Assignment
Reproduce, unaltered, the line with "Porsche 911 Carrera Turbo S - 8" along with every line that follows it in the records, up to the last.

__________________________________________________

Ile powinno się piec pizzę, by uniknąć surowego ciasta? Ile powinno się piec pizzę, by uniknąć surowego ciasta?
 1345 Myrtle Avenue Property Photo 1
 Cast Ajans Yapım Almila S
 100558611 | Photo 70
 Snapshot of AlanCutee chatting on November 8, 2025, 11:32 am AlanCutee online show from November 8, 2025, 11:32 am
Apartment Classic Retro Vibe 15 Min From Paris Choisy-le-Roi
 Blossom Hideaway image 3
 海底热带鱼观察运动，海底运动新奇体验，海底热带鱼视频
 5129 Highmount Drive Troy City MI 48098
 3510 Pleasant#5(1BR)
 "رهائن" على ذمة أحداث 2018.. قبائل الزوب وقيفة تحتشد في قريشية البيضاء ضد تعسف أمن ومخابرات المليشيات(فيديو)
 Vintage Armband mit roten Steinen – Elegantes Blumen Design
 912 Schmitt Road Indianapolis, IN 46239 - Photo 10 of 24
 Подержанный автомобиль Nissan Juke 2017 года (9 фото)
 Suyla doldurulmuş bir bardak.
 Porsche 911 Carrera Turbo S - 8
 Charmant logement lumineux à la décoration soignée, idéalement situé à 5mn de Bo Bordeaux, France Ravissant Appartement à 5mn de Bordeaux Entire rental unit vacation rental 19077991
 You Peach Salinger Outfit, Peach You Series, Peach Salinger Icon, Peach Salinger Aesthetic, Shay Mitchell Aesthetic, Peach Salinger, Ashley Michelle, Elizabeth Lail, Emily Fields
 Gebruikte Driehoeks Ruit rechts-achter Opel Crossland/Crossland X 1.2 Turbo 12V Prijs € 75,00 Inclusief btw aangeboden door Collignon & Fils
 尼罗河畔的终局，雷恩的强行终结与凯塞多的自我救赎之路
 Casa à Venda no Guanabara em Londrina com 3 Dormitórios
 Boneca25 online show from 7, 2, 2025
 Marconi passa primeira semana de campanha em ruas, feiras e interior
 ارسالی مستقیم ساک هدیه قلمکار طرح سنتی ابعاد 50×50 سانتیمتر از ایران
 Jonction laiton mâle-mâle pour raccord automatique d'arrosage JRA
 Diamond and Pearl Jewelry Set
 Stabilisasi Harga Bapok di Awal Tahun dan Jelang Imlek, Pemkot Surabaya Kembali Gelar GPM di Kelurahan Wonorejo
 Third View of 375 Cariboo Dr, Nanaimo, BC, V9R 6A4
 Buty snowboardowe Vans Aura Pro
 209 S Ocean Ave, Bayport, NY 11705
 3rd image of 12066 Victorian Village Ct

__________________________________________________

Solution to the exercise
 Porsche 911 Carrera Turbo S - 8
 Charmant logement lumineux à la décoration soignée, idéalement situé à 5mn de Bo Bordeaux, France Ravissant Appartement à 5mn de Bordeaux Entire rental unit vacation rental 19077991
 You Peach Salinger Outfit, Peach You Series, Peach Salinger Icon, Peach Salinger Aesthetic, Shay Mitchell Aesthetic, Peach Salinger, Ashley Michelle, Elizabeth Lail, Emily Fields
 Gebruikte Driehoeks Ruit rechts-achter Opel Crossland/Crossland X 1.2 Turbo 12V Prijs € 75,00 Inclusief btw aangeboden door Collignon & Fils
 尼罗河畔的终局，雷恩的强行终结与凯塞多的自我救赎之路
 Casa à Venda no Guanabara em Londrina com 3 Dormitórios
 Boneca25 online show from 7, 2, 2025
 Marconi passa primeira semana de campanha em ruas, feiras e interior
 ارسالی مستقیم ساک هدیه قلمکار طرح سنتی ابعاد 50×50 سانتیمتر از ایران
 Jonction laiton mâle-mâle pour raccord automatique d'arrosage JRA
 Diamond and Pearl Jewelry Set
 Stabilisasi Harga Bapok di Awal Tahun dan Jelang Imlek, Pemkot Surabaya Kembali Gelar GPM di Kelurahan Wonorejo
 Third View of 375 Cariboo Dr, Nanaimo, BC, V9R 6A4
 Buty snowboardowe Vans Aura Pro
 209 S Ocean Ave, Bayport, NY 11705
 3rd image of 12066 Victorian Village Ct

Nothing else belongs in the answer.